Companies have announced share repurchases of more than $383 billion in the last 13 weeks, up 30% from the year-earlier period and the largest sum since June 2018, per research from Deutsche Bank. The total includes Apple's $110 billion plan, the largest buyback in history.
The equity strategy team at Deutsche Bank notes that the "boom" in buybacks extends beyond the big names like Apple (AAPL) and Alphabet (GOOG, GOOGL), which just announced a $70 billion buyback plan. Of the $262 billion in buybacks reported in first quarter earnings season, $82 billion has come from companies outside the large tech giants.

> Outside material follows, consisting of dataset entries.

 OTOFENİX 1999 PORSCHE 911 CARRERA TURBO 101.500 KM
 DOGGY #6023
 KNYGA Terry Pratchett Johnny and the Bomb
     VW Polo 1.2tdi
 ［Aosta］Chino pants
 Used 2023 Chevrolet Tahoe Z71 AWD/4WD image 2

This is a welcome sign for those looking for a broadening out of the stock market rally.
"Buybacks have been the biggest driver of equities over time in the medium term," Deutsche Bank chief equity strategist Binky Chadha told Yahoo Finance ahead of the start of first quarter earnings reports.

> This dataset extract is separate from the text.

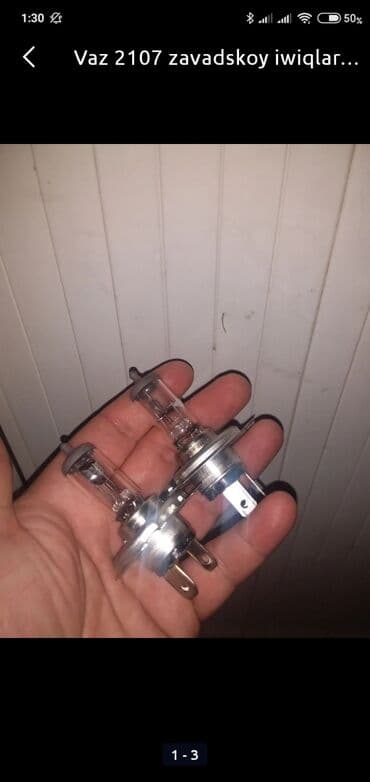 lada vaz 2108: Ag lamıcka təzədi cütdü — 2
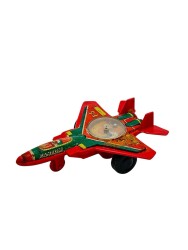 Türk Malı Alasya Marka Oyuncak Fantom F-5 Savaş Uçağı AOB4445 (N) - Gökçekoleksiyon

To Chadha, the importance of buybacks is simple: They tell investors how companies feel about the macro environment.
Buybacks typically rise when earnings rise, Chadha said. This is because as earnings rise, which is currently happening at its fastest pace in nearly two years, cash flow at companies increases. Companies can then use this cash flow to increase dividends paid to shareholders, increase capital expenditures to invest back in the company, or repurchase stock, and, in turn, return capital to shareholders.
This trend failed to materialize in 2023. Earnings picked up, but buybacks didn't. Chadha reasoned this likely had to do with the overwhelming majority projecting a recession to hit the US economy.
"When macro consensus is for a severe slowdown, or recession, companies aren't going to do buybacks," Chadha said. "They're going to hold on to their cash."
But that macro consensus has shifted. Economists and macro strategists are feeling more optimistic about economic growth for the US this year. Corporations are confirming that confidence with buybacks.
"What you saw in [fourth quarter] earnings reporting earlier this year is that buybacks really started to move back up," Chadha said. "So I'd say that this cloud of a cyclical overhang is lifting. Corporates are getting more comfortable with the outlook."
JPMorgan Private Bank global investment strategist Elyse Ausenbaugh noted that the tick-up in buybacks provides a "nice foundation for investors" as companies buying back their stock helps support the market even if individual equity investors aren't pouring money into stocks.
And taken one step further, Ausenbaugh sees buybacks as just part of the case building in first quarter earnings that companies are seeing higher cash flows and using them in ways that should eventually benefit shareholders, like boosted capital expenditures for Big Tech companies.
"[Boosted capex is] going to continue to power these trends that have offered a lot of support for the market, like AI," Ausenbaugh told Yahoo Finance.